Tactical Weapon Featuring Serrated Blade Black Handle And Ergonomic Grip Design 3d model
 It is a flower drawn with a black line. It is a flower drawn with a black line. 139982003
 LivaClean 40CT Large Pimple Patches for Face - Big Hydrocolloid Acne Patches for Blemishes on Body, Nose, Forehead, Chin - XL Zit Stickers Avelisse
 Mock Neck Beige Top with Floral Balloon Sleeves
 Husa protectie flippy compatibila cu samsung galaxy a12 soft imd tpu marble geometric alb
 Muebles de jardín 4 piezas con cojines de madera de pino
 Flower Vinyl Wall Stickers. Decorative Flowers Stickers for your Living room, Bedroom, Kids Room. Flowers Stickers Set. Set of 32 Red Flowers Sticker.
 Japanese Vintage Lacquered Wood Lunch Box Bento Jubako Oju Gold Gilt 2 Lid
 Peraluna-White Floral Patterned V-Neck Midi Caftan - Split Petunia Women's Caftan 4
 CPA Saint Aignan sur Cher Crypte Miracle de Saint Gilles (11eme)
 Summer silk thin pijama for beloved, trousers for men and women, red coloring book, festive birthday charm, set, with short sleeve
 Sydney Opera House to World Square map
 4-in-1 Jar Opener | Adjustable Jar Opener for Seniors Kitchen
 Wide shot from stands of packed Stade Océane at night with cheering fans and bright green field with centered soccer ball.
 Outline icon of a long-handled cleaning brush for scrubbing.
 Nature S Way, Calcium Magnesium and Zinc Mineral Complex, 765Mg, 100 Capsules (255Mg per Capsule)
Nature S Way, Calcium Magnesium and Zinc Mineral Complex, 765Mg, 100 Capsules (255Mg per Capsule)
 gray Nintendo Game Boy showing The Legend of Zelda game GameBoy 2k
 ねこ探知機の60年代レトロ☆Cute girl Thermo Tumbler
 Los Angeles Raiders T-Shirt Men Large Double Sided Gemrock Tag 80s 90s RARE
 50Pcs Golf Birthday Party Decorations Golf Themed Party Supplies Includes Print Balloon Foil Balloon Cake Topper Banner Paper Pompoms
● ● ● ●
▸ About this exercise
From the data above, copy each line that has the string "Calcium".

▸ Response area
 Nature S Way, Calcium Magnesium and Zinc Mineral Complex, 765Mg, 100 Capsules (255Mg per Capsule)
Nature S Way, Calcium Magnesium and Zinc Mineral Complex, 765Mg, 100 Capsules (255Mg per Capsule)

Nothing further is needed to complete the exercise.